Q9. What evidence do we have for the origin of life from inanimate matter?
Ans. The evidence was given by Stanley L. Miller and Harold C. Urey in 1953. They assembled an atmosphere similar to that thought to exist on early earth over water. This was maintained by them at a temperature just below 100 degrees Celcius and sparks were passed through the mixture of gases to stimulus lightening. At the end of the week, they found that 15% of the carbon had been converted to simple compounds of carbon including amino acids which make up protein molecules.

Q10. Explain how sexual reproduction gives rise to more viable variations than asexual reproduction. How does this affect the evolution of those organisms that reproduce sexually?
Ans. Variations arise either because of errors in DNA copying or as a result of sexual reproduction. Due to sexual reproduction genetic variability increases in the population from one generation to another. This happens due to the fact that sexually reproducing organism inherits half the genes from each parent. These variations are very important for the process of evolution.

Q11. Only variations that confer an advantage to an individual organism will survive in a population. Do you agree with this statement? Why or why not?
Ans. No, depending on the nature of variations different individuals have been different kinds of advantages. However, when a drastic change occurs in the environment only those organisms in the population will survive which have an advantageous variation in that population to survive in the changed environment.

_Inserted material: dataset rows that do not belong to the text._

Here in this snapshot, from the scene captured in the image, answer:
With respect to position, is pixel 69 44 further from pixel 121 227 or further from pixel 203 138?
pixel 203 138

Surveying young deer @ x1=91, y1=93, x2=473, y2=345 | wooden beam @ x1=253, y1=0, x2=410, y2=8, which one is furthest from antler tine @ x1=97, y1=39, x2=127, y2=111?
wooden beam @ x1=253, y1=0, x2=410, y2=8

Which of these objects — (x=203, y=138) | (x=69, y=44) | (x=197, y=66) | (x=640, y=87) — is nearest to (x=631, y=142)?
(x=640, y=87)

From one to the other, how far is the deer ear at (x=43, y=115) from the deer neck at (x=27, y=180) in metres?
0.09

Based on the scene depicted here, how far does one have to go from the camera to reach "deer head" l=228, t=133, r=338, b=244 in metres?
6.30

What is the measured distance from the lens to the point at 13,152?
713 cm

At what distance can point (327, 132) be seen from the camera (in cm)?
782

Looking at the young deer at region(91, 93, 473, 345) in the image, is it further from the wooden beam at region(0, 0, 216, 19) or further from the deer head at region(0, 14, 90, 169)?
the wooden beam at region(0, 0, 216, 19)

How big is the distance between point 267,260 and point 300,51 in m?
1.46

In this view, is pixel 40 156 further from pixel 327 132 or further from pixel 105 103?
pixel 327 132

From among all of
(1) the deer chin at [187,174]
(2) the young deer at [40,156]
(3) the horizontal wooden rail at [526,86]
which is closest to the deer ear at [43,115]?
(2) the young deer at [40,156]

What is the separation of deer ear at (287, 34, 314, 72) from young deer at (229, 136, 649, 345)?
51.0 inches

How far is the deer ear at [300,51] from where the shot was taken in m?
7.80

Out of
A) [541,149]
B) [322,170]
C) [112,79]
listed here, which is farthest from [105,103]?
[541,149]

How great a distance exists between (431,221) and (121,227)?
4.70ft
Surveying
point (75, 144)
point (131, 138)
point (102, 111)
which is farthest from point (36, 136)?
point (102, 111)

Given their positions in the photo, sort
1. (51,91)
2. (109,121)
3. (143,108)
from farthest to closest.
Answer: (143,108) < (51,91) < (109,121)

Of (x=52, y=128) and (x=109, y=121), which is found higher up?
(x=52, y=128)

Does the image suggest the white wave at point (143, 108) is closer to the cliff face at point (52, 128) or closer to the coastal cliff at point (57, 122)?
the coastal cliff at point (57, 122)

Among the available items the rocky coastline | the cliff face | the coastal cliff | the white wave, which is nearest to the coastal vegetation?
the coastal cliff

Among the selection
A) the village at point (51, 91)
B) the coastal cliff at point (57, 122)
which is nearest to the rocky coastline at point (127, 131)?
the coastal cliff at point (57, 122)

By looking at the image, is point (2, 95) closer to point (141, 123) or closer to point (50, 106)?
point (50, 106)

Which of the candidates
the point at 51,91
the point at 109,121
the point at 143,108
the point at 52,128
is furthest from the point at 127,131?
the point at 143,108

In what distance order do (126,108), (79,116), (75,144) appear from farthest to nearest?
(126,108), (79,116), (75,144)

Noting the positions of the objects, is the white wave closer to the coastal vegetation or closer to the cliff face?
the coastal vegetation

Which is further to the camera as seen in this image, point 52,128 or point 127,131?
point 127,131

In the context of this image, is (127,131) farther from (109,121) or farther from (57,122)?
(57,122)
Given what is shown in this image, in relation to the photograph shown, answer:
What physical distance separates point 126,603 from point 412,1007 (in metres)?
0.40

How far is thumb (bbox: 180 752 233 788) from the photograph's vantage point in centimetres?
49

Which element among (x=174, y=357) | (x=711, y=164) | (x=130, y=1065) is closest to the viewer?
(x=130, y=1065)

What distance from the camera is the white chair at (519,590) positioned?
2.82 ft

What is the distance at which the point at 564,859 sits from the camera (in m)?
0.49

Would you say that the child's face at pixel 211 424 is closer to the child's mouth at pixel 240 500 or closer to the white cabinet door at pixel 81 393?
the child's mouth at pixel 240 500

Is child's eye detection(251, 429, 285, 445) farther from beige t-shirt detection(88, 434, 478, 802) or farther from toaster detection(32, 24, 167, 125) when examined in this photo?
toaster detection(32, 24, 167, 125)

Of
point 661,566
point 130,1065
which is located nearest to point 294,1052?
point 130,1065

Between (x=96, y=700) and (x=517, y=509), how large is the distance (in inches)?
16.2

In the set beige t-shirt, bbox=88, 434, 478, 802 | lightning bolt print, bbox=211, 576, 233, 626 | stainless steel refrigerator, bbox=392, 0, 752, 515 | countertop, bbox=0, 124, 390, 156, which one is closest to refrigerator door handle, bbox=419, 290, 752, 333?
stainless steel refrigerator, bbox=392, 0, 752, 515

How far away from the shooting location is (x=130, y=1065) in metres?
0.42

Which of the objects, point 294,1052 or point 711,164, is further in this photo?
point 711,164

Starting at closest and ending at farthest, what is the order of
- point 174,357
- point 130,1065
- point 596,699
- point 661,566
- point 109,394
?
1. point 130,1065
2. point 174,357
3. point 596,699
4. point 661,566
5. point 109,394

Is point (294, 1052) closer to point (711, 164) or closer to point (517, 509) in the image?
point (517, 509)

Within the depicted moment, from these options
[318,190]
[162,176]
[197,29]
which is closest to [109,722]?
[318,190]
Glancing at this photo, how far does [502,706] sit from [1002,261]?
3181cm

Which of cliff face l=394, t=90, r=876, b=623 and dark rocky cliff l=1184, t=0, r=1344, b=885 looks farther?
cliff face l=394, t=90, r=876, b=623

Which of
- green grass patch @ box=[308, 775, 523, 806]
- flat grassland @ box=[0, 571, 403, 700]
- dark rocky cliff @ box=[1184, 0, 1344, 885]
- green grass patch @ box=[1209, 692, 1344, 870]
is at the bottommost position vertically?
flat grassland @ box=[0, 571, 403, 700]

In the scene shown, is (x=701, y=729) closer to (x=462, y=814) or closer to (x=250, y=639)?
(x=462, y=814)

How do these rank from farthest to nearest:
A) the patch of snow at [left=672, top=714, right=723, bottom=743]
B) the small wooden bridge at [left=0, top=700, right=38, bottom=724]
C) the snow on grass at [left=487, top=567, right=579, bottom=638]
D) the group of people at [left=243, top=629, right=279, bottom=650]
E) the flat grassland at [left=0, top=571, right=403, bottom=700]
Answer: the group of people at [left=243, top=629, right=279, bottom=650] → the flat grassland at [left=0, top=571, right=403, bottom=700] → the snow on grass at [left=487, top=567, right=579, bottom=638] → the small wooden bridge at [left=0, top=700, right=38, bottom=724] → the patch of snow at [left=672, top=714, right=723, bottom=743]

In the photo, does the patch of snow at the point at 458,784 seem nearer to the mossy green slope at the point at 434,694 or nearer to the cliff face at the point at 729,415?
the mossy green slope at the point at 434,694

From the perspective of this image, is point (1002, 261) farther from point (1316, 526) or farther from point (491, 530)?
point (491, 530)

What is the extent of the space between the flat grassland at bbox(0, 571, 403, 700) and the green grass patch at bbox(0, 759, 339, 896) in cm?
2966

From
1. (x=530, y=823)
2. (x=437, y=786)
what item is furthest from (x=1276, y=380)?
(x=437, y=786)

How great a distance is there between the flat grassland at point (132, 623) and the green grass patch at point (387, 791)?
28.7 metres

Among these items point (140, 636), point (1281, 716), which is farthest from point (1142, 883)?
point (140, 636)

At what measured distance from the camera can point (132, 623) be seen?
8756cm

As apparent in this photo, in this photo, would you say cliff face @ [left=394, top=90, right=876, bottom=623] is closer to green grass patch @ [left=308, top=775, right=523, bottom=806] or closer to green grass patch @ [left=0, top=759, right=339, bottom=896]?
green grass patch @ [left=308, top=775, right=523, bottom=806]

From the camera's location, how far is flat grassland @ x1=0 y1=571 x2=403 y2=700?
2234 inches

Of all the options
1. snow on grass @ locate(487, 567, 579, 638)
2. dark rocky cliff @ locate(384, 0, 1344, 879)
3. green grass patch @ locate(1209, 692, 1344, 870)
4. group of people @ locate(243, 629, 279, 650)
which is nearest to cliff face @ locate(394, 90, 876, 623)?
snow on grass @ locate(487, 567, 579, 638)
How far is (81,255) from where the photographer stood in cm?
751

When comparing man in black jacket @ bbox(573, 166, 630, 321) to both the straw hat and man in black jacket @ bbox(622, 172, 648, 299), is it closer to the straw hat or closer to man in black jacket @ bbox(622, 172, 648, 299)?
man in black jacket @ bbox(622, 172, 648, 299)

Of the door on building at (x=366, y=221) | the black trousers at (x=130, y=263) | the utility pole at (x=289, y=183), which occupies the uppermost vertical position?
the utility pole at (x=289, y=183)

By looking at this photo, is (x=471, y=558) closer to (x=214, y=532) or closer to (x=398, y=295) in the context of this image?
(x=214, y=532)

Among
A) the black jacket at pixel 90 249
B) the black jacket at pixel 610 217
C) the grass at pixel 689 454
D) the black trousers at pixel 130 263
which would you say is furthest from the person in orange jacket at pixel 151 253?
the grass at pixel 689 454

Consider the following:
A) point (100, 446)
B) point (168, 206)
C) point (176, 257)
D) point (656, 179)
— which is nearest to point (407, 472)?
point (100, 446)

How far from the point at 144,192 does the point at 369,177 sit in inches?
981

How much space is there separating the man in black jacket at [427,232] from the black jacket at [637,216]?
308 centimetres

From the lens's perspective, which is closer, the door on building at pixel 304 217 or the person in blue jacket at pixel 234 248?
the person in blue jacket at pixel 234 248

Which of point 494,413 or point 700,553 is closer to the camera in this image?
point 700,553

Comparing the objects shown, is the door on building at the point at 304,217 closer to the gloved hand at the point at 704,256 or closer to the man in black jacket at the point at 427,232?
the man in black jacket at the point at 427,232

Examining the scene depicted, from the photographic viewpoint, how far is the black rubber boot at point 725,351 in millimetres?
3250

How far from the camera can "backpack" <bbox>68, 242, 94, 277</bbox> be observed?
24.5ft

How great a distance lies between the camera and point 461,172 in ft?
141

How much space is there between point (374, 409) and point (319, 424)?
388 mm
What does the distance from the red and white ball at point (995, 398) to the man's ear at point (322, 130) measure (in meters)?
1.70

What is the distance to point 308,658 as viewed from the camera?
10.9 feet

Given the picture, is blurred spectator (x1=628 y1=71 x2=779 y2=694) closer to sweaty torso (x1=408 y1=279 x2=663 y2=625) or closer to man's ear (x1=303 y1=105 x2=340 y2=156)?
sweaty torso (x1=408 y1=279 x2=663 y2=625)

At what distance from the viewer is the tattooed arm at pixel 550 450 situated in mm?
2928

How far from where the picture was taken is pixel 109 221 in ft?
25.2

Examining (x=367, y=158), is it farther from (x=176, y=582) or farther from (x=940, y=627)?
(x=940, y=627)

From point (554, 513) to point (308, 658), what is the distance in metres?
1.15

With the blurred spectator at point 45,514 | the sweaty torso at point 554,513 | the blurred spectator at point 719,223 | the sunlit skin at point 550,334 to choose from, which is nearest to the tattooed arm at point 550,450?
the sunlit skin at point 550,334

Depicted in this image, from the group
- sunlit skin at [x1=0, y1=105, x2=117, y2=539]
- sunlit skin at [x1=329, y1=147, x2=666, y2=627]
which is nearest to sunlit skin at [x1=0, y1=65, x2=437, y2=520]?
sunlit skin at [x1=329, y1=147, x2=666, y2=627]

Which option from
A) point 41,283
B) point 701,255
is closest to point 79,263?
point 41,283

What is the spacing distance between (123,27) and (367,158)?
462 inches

Q12. How is the equal genetic contribution of male and female parents ensured in the progeny?
Ans. The equal contribution of male and female parents is ensured in progeny during sexual reproduction. Each trait of progeny is determined by a pair of alleles and gametes of male and female contain one allele. Each allele pairs during fertilisation combine together to determine traits. Thus, the traits of progeny are determined by equal genes from male and female.